Parameters
Sampling parameters shape the token generation process of the model. You may send any parameters from the following list to the Siraya AI API.
Siraya AI will default to standard values if certain parameters are absent (e.g., temperature defaults to 1.0). Provider-specific parameters, such as safe_prompt for Mistral or raw_mode for Hyperbolic, are passed directly to the respective providers if specified.

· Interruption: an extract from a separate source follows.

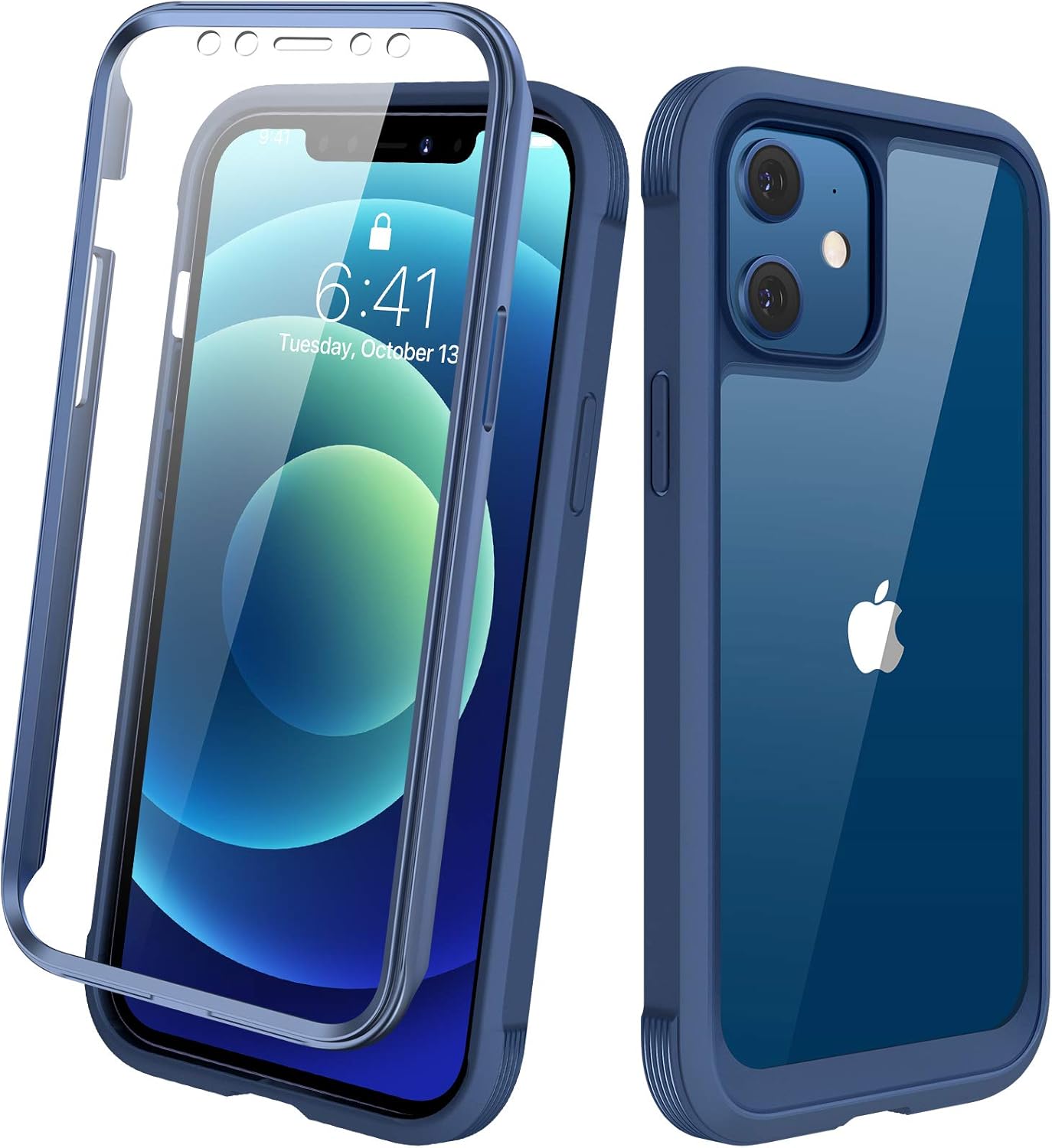 Diaclara Designed for iPhone 12 Mini Case, Full Body Rugged with Built-in Touch Sensitive Anti-Scratch Screen Protector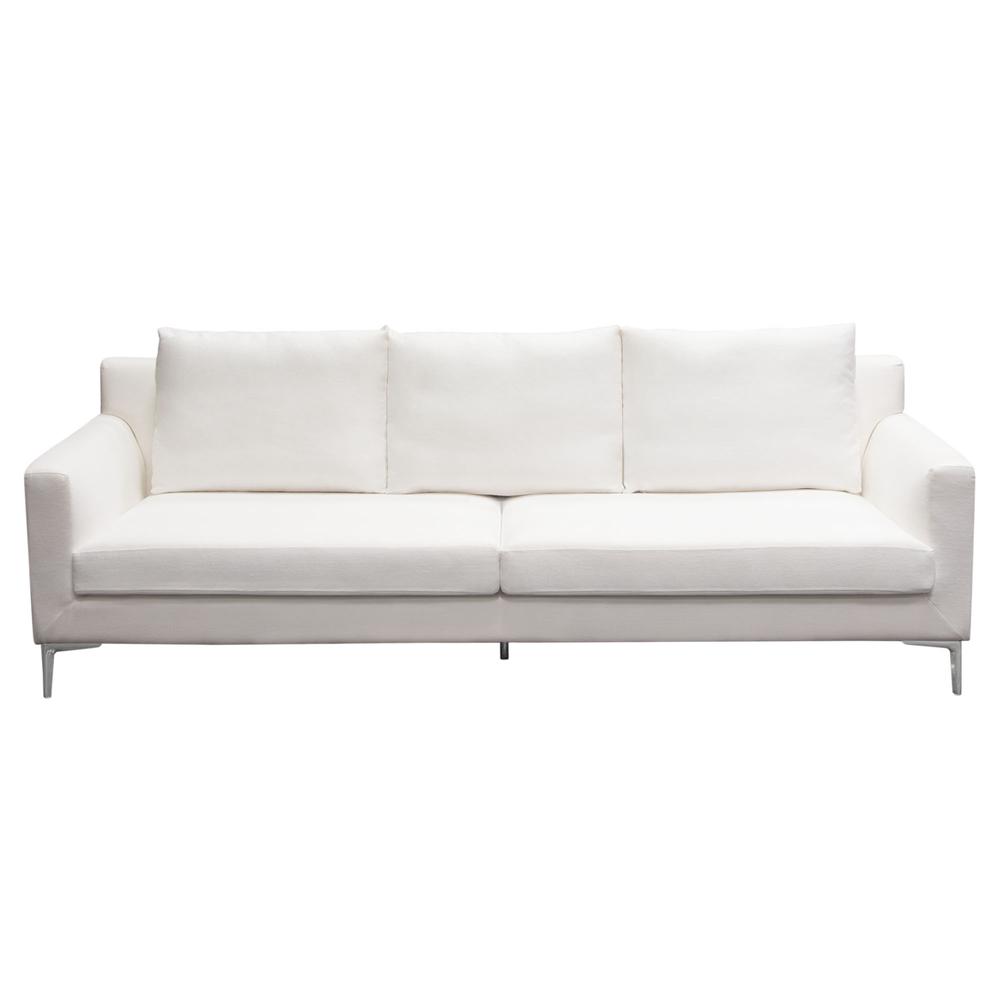 Seattle Loose Back Sofa in White Linen w/ Polished Silver Metal Leg. Picture 19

Please refer to the Available Models section to confirm which parameters are supported by each model.
Core Parameters
Temperature
- Key:
temperature - Type: Float (0.0 to 2.0)
- Default: 1.0
Influences the variety in the model's responses. Lower values lead to more predictable responses, while higher values encourage diversity. At 0, the model becomes deterministic (same response for same input).
Top P
- Key:
top_p - Type: Float (0.0 to 1.0)
- Default: 1.0
Limits the model's choices to a percentage of likely tokens (Nucleus sampling). Only the top tokens whose cumulative probability adds up to P are considered.
Top K
- Key:
top_k - Type: Integer (0 or above)
- Default: 0 (disabled)
Limits the model's choice to the top K most likely tokens at each step.
Max Tokens
- Key:
max_tokens - Type: Integer (1 or above)
Sets the upper limit for the number of tokens the model can generate.
Penalties and Bias
Frequency Penalty
- Key:
frequency_penalty - Type: Float (-2.0 to 2.0)
- Default: 0.0
Penalizes tokens based on their frequency in the text so far. Encourages the model to use less frequent tokens.
Presence Penalty
- Key:
presence_penalty - Type: Float (-2.0 to 2.0)
- Default: 0.0
Penalizes tokens based on whether they have already appeared in the text. Encourages the model to talk about new topics.
Repetition Penalty
- Key:
repetition_penalty - Type: Float (0.0 to 2.0)
- Default: 1.0
Reduces the repetition of tokens from the prompt or previous output.
Logit Bias
- Key:
logit_bias - Type: Map (Token ID to Bias Value -100 to 100)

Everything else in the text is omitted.